US jobless claims data is disappointing. SNB on the warpath - has USDCHF built a base for a solid rally now?


MAJOR HEADLINES – PREVIOUS SESSION

  • New Zealand Jul. Trade Balance out at -163M vs. -150M expected
  • Australia Q2 Private Capital Expenditure out at +3.3% vs. -5.0% expected
  • UK Aug. Nationwide House Prices rose +1.6% MoM vs. +0.5% expected
  • Germany Sep. GfK rose to 3.7 vs. 3.6 expected and 3.4 in Aug.
  • Sweden Jul. Unemployment Rate fell to 7.9% vs. 8.2% expected and 9.8% in Jun.
  • Sweden Jul. Household Lending rose 7.9$ YoY vs. 7.7% in Jun.
  • Norway Aug. Unemployment out at 3.0% as expected and vs. 3.0% in Jul.
  • UK Q2 Total Business Investment dropped -10.4% QoQ vs. -3.6% expected
  • UK Aug. CBI Distributive Trades fell to -16 vs. -23 expected.
  • US Q2 GDP second revision out unchanged at -1.0% vs. -1.5% expected
  • US Weekly Initial Jobless Claims out at 570k vs. 565k expected and 580k last week
  • US Weekly Continuing Claims out at 6133k vs. 6242k expected and 6252k expected
  • Germany Aug. CPI out at +0.0% YoY vs. -0.2% expected and -0.5% in Jul.
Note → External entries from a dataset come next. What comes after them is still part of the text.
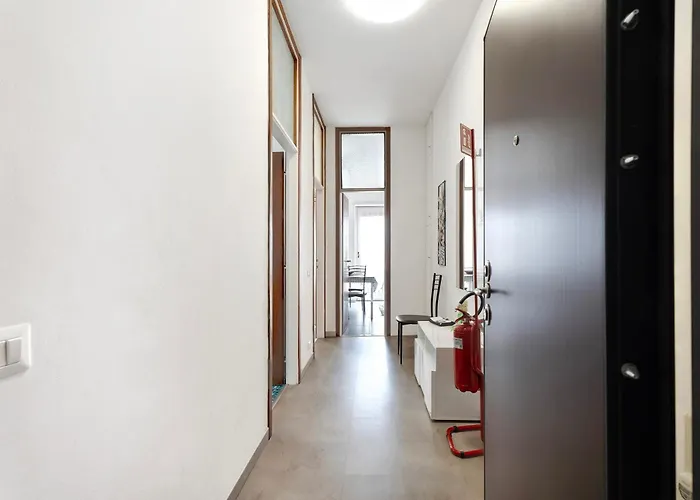 Casa de Férias Aurora -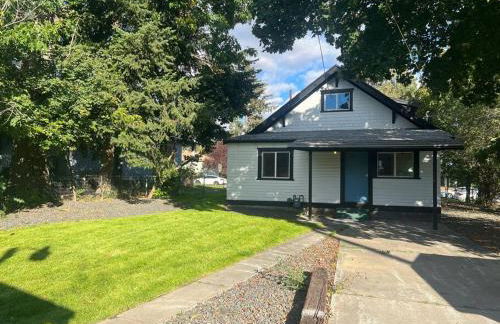 Renovated 3bd 1bth Home in North Spokane Near DT - Foto 30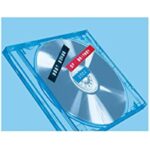 31vdoiu1itl. ac us800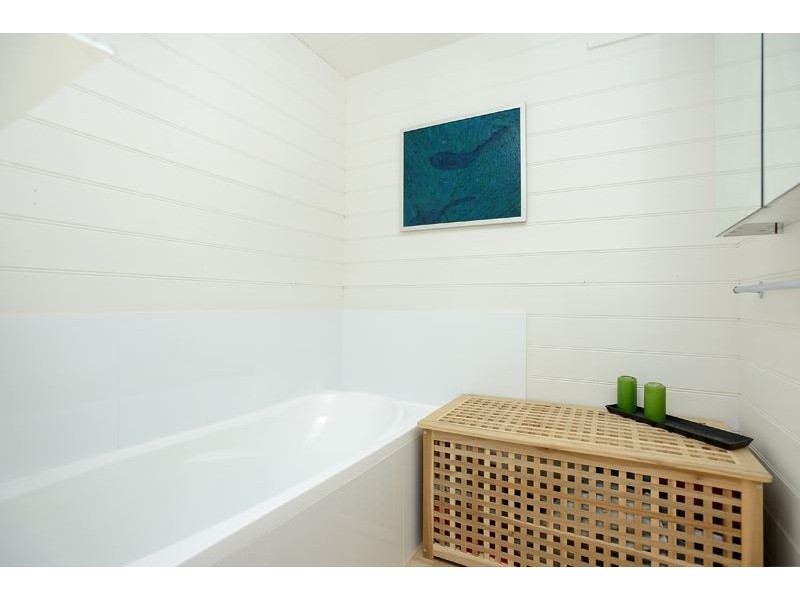 5 Holme Street, Goolwa Beach SA 5214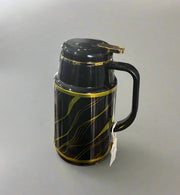 Vacuum Flask 1L Murukali.com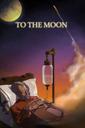 To The Moon boxart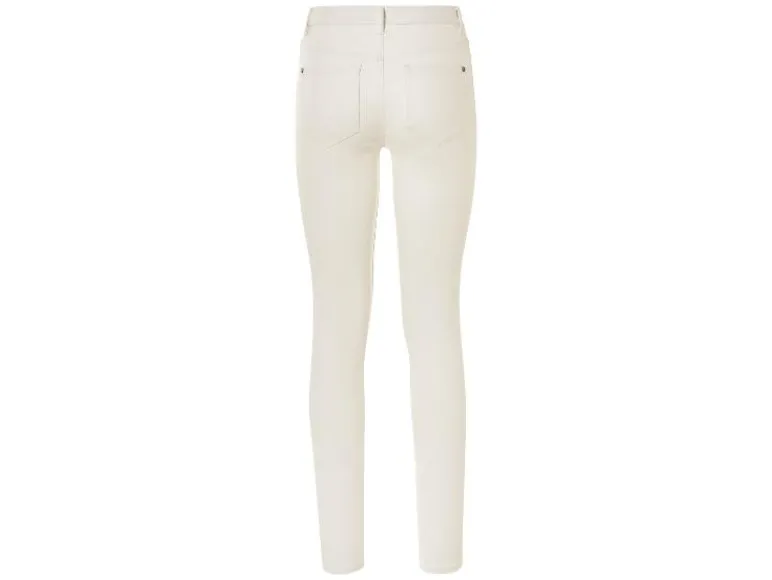 Dames Super Skinny Jeans<esmara® New
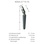 Ihde Dental KOS Classic image 5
THEMES TO WATCH – UPCOMING SESSION

(All times GMT)

  • Upcoming Economic Calendar Highlights
  • US Fed's Bullard to Speak (2100)
  • New Zealand Jul. Building Permits (2245)
  • UK Aug. GfK Consumer Confidence (2301)
  • Japan Aug. Nomura/JMM Manufacturing PMI (2315)
  • Japan Jul. Jobless Rate (2330)
  • Japan Jul. Household Spending (2330)
  • Japan Aug. Tokyo and Jul. National CPI (2330)

Market Comments:

FX Trading in Limbo

We tried to red flag the negative reactions to very positive data over the last couple of days, but any momentum this phenomenon seemed to be creating in the markets (USDCAD's run at 1.1000, EURUSD easing below support yesterday, AUDUSD 's swoon) have vanished into thin air in today's session just after the US GDP figures. The AUDUSD sell-off was largely rejected as of this writing and EURUSD is pounding at the final shreds of short term resistance as well. Thus we seem to be back in technical limbo once again and have to rejigger our lines in the sand (a funny expression, really. A line in the sand is about drawing an ultimatum, an either/or situation - cross this line, and there's no going back. At the same time, if you think about it, they're awfully easy to wipe away and redraw elsewhere if they are crossed and then recrossed confusingly in the charts in a technical context...). Certainly, the four days in a row of unchanged equity levels are hampering the ability of the bigger FX crosses to generate a sustained direction.


Resurgent AUD?

Part of the bid in AUD may have been generated by HSBC's top FX analyst, who upped the estimate on the Aussie as the bank's analysis team also upped its estimate of Chinese GDP going forward. We certainly agree, as we have stated before, that the Australian economy is a derivative of the Chinese economy and that AUD will trade accordingly, but we have a hard time seeing how China sails through the stormy seas of restructuring its economy with nary a hiccup in the next 18 months. The wild variety of opinions on China from very credible analysts is worse than difficult to navigate. The recent cycle of news related to China's cracking down on asset bubble formation risks could be the beginning of more interesting developments there. In any case, AUDUSD stopped falling within a couple of pips of the 0.618 retracement (a fall through which would have helped confirm a higher risk of continued selling pressure) of its latest wave higher. That 0.8235 now becomes the key focus for the bears if we ever work our way back in that direction.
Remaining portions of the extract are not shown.